The leopard agreed to do this and began to search about for dry wood to start the fire. While the leopard was doing this the tortoise moved slowly off to his house, and very soon came back with the pepper, salt, and oil. He also brought a long piece of cane tie-tie, which is very strong. He put this on the ground, and began boiling the fish. Then he said to the leopard: “While we are waiting for the fish to cook, let us play at tying one another up to a tree. You may tie me up first, and when I say, ‘Tighten,’ you must loosen the rope, and when I say ‘Loosen,’ you must tighten the rope.”

The leopard was very hungry, but he thought that this game would make the time pass more quickly while the fish was being cooked. He, therefore, agreed to play. The tortoise then stood with his back to the tree and said: “Loosen the rope.” The leopard, as he had agreed, began to tie up the tortoise.

Very soon the tortoise cried out: “Tighten!” The leopard at once unfastened the tie-tie, and the tortoise was free. The tortoise then said, “Now, leopard, it is your turn.”

The leopard, then, stood up against the tree and called out to the tortoise to loosen the rope, and the tortoise at once very quickly passed the rope several times around the leopard and got him fast to the tree. Then the leopard said, “Tighten the rope.”

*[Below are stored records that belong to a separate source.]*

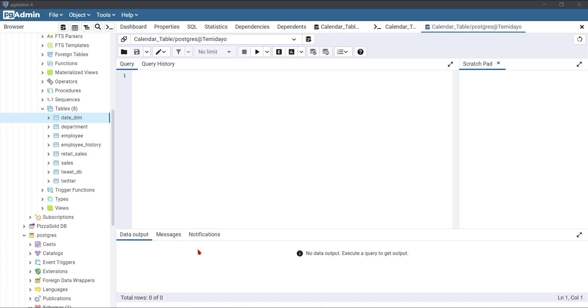Hello everyone, my name is Tim Deamone Andrew and I'm a data analyst. For today's section I'm going to show you how to use the CASE WHEN clause for creating conditional statements in SQL, and also how to use the subquery in SQL.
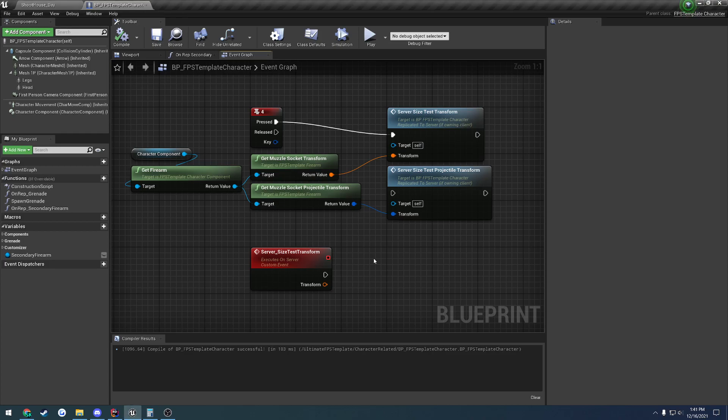In this video, I want to cover some of the ways that you can improve the efficiency of your RPCs by sending the same data, just in a smaller form. So commonly, you will find, at least for first person or really any shooters, you're going to have to send in your projectile spawn location, like your muzzle.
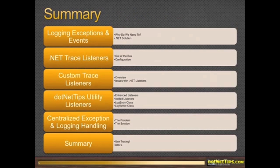Here's what we're going to talk about today. I actually cut out the first demo because we're starting a little bit late, just to get through everything on time. So we're going to talk about logging exceptions and events in .NET. We're going to talk very briefly about .NET Trace Listeners because I really don't use those, and then we're going to talk about custom Trace Listeners, which I do use, and all the Trace Listeners I have in my .NET Tips utility. And then the last thing is what I call my centralized exception and logging handling system.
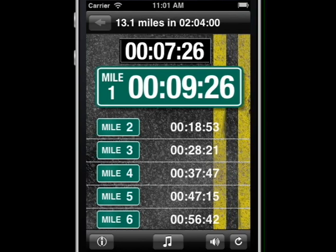Tap three times and you'll hear the total elapsed time — for example, elapsed: seven minutes, thirty-three seconds.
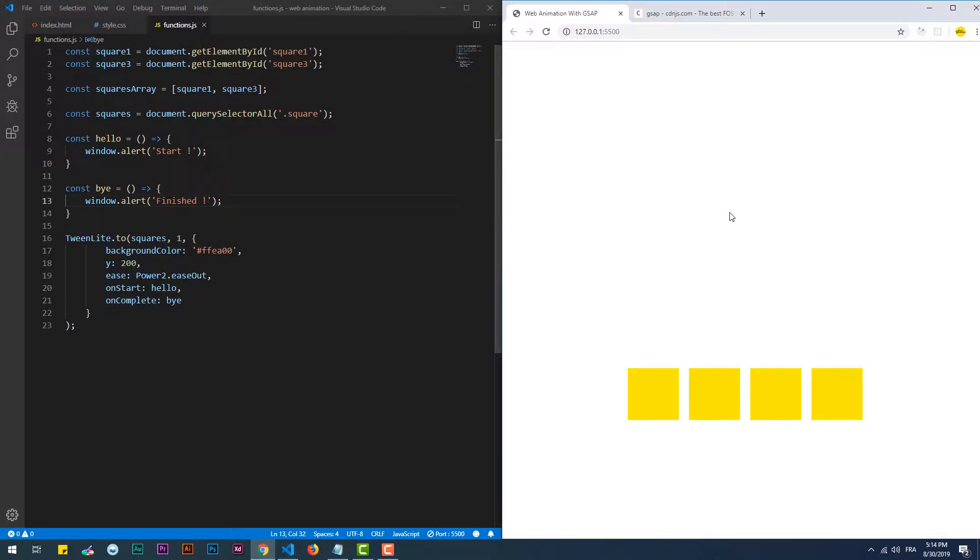You can discover a lot of other functions including the delay property which delays the animation for a certain amount of time. Check the documentation at the link in the description.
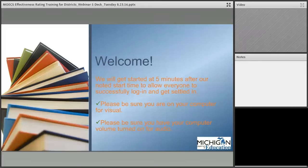Good morning, it is 11 a.m. Eastern. We will be getting started at five minutes after to allow everyone to log in and get settled. Thank you for joining us and thank you for joining us early.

But instead of playing the game as he said he would, the tortoise ran faster and faster with the rope round the leopard. He took care to keep out of reach of the leopard’s claws, and very soon had the leopard fastened so tight that he could not get away.

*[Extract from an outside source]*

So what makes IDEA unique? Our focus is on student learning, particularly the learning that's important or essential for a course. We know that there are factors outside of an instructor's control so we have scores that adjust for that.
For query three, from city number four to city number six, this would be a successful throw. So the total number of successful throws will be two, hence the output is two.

All this time the leopard was crying out to the tortoise to let him go, as he was tired of the game; but the tortoise only laughed, and sat down at the fireside and commenced his meal. When he had finished eating all he wanted, he picked up the remainder of the fish for his family, and made ready to go. Before he started, however, he said to the leopard: “You killed my mother and now you want to take my fish. It is not likely that I am going to the lake to get fish for you, so I shall leave you here to starve.”

All that day and throughout the night the leopard was yelling for someone to let him loose; but no one came, because the people and animals of the forest do not like to hear the leopard’s voice.

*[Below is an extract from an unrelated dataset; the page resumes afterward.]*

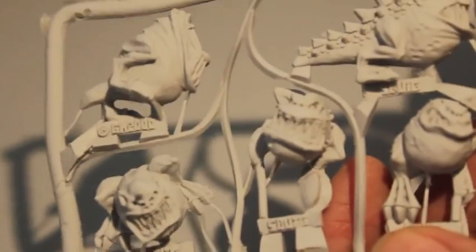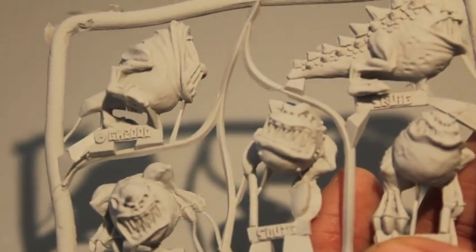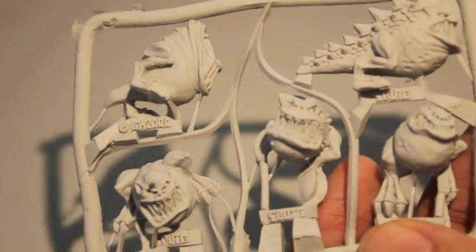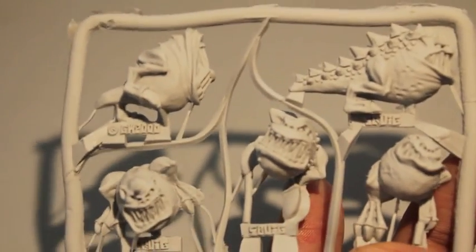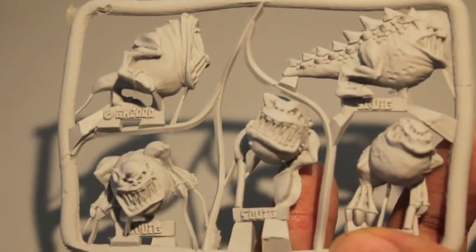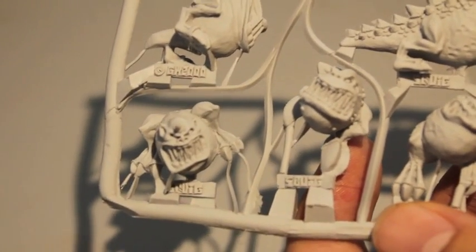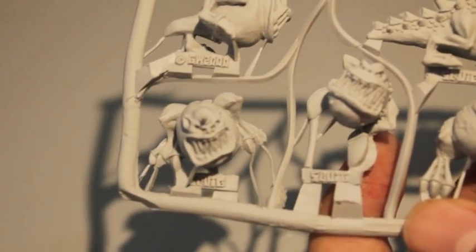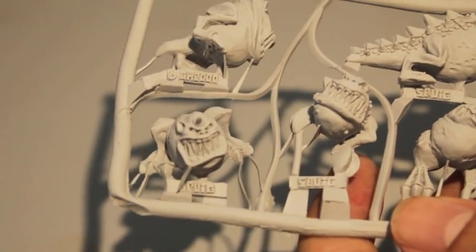What up players, it's Warboss, staying up in this mud. Today we are taking a look at the Cave Squigs kit for Games Workshop's Orcs and Goblins army for the Warhammer Fantasy Battle game.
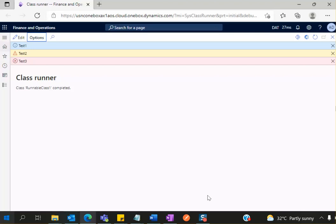Hello everyone, welcome to my channel. So today we are going to learn a very simple topic called — there are multiple things like info statement, error, and warning. So how these three look like.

In the morning, when the animals began to go out to find food, the leopard begged every one he saw to come and untie him; but they all refused, as they knew that if they did so the leopard would most likely kill them at once and eat them.

At last, a bush rat came by and saw the leopard tied up to the tree and asked him what his trouble was. The leopard told him that he had been playing a game of ‘tight’ and ‘loose’ with the tortoise, and that he had tied him up and left him there to starve. The leopard then begged the bush rat to cut the ropes with his sharp teeth.

The bush rat was very sorry for the leopard; but at the same time, he knew that, if he let the leopard go, the leopard would most likely kill and eat the one that had thus done him a kind act. He therefore hesitated, and said that he did not quite see his way clear to cut the ropes.

But this bush rat was very kind-hearted. He had had some experience with traps himself, and could sympathize with the leopard in his pain. The bush rat therefore thought for a time, and then made a plan. He first started to dig a hole under the tree. When he had finished the hole, he came out and cut one of the ropes, and immediately ran into his hole, and waited there to see what would happen; but although the leopard struggled very much, he could not get loose, as the tortoise had tied him up so fast. After a time, when he saw that there was no danger, the bush rat crept out again and very carefully bit through another rope, and then came back to his hole as before. Again, nothing happened, and he began to feel safe. He then bit several strands through one after the other until the last rope was cut and the leopard was free.

The leopard was wild with hunger. Instead of being grateful to the bush rat, as soon as the leopard was free, he made a dash at the bush rat with his big paw, but just missed him, as the bush rat had dived for his hole. The bush rat, however, was not quick enough to escape the leopard’s paw, and the sharp claws scratched his back and left marks which all bush rats carry even to this day.